> _Input records_:
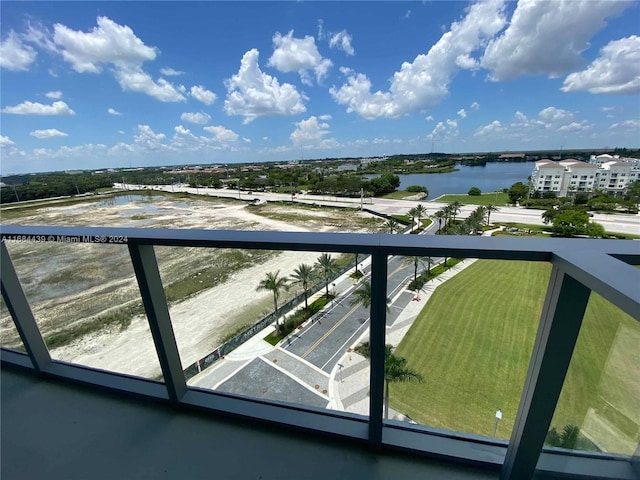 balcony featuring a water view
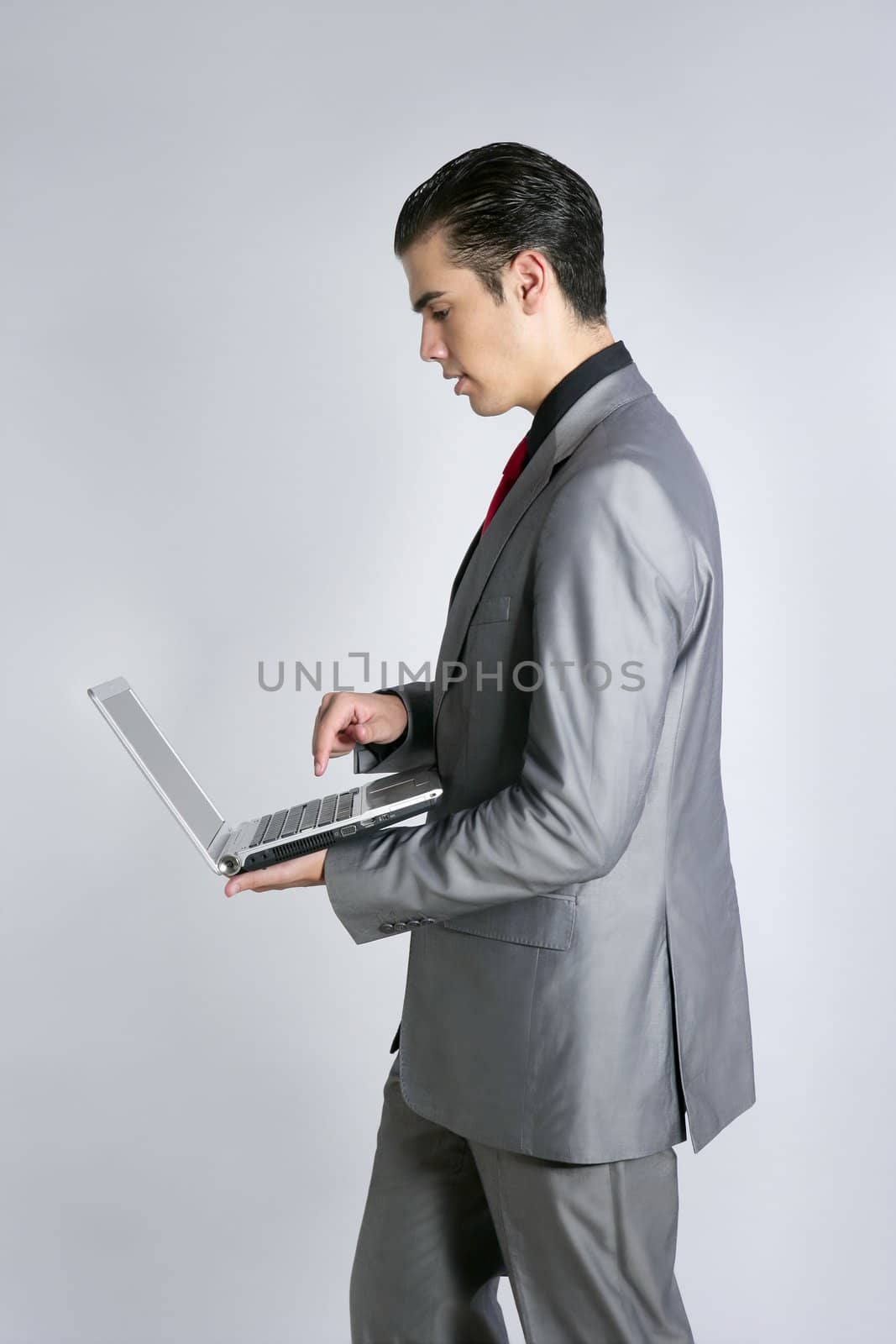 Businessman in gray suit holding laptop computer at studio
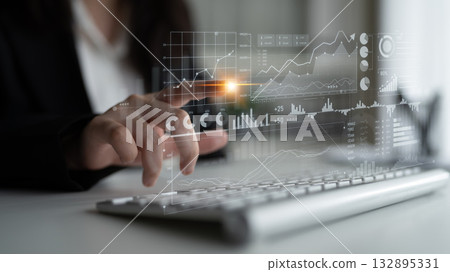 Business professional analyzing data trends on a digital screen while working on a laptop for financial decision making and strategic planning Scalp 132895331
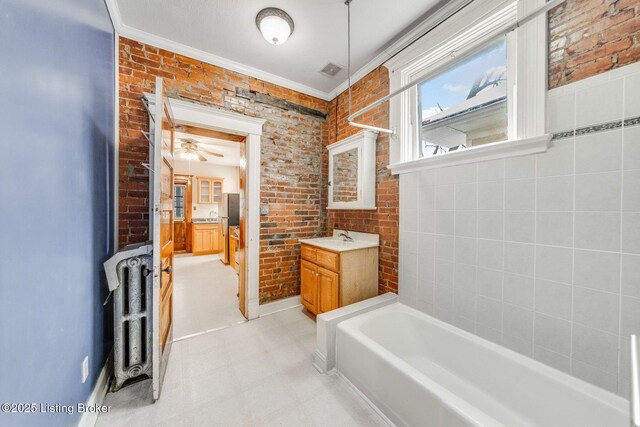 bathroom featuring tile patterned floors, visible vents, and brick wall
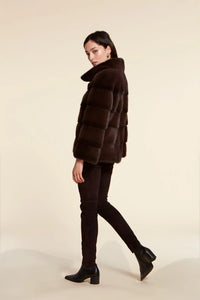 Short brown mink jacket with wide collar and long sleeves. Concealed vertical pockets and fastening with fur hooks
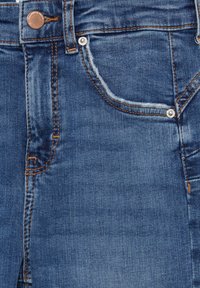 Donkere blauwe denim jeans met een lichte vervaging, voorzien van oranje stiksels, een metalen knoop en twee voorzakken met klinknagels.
* * *
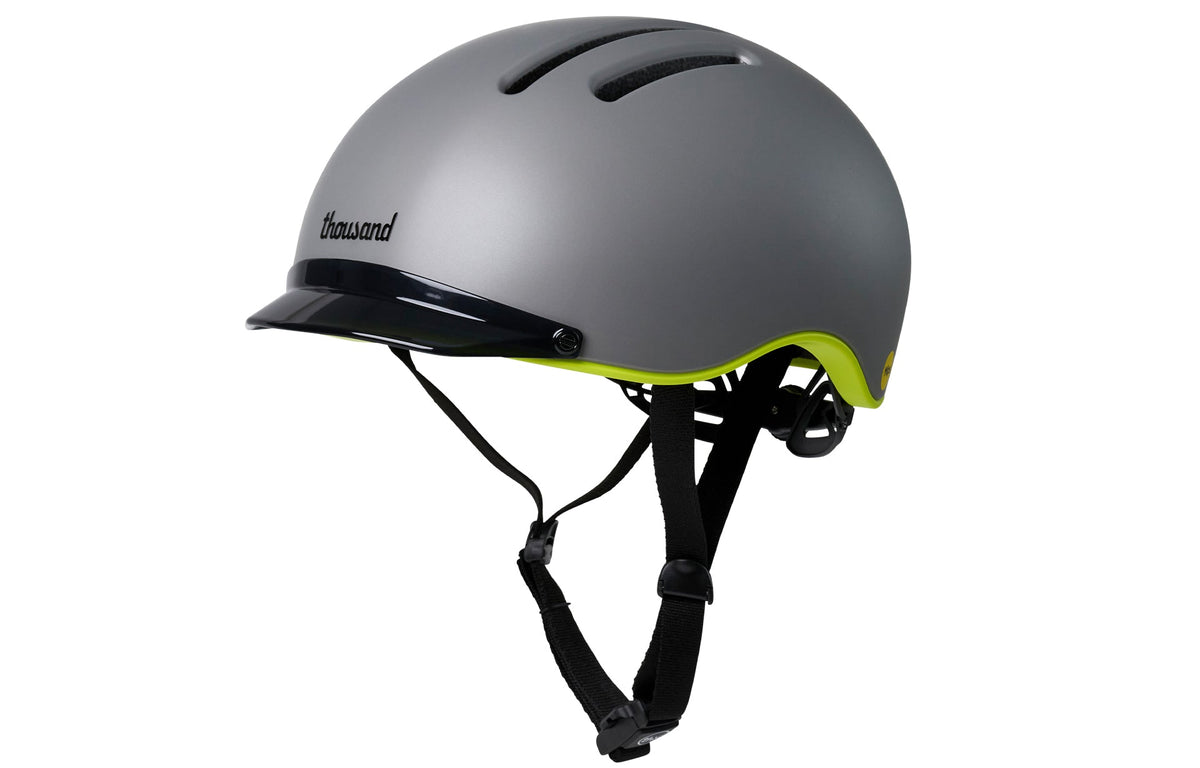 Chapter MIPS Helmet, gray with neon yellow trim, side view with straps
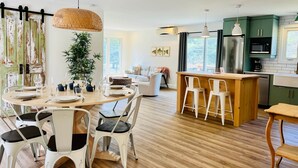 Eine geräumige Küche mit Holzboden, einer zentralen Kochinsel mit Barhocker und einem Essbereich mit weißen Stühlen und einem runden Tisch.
==
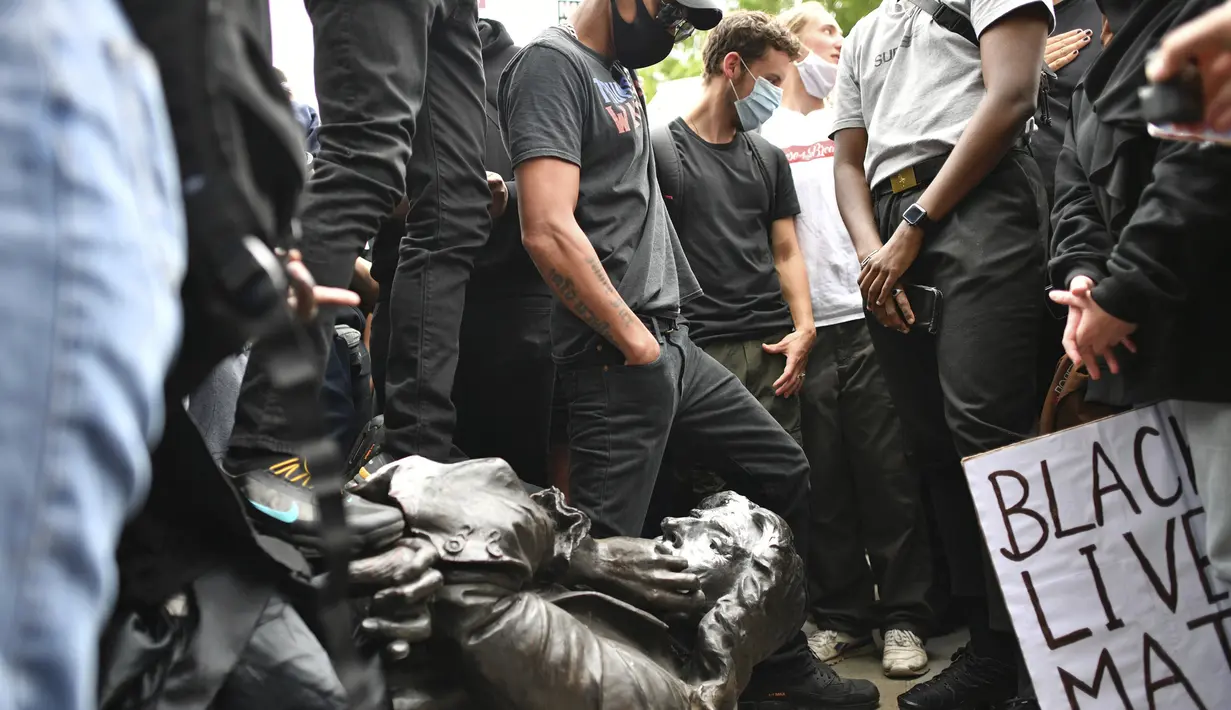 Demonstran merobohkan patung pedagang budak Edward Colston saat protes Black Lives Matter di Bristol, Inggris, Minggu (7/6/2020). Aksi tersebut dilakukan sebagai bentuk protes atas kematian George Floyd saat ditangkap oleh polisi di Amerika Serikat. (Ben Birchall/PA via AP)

> _About this exercise_:
Set down word for word the lines above from the one with "Chapter MIPS Helmet, gray" up to and including the one with "Eine geräumige Küche". Omit every picture.

> _The completed task_:
 Chapter MIPS Helmet, gray with neon yellow trim, side view with straps
 Eine geräumige Küche mit Holzboden, einer zentralen Kochinsel mit Barhocker und einem Essbereich mit weißen Stühlen und einem runden Tisch.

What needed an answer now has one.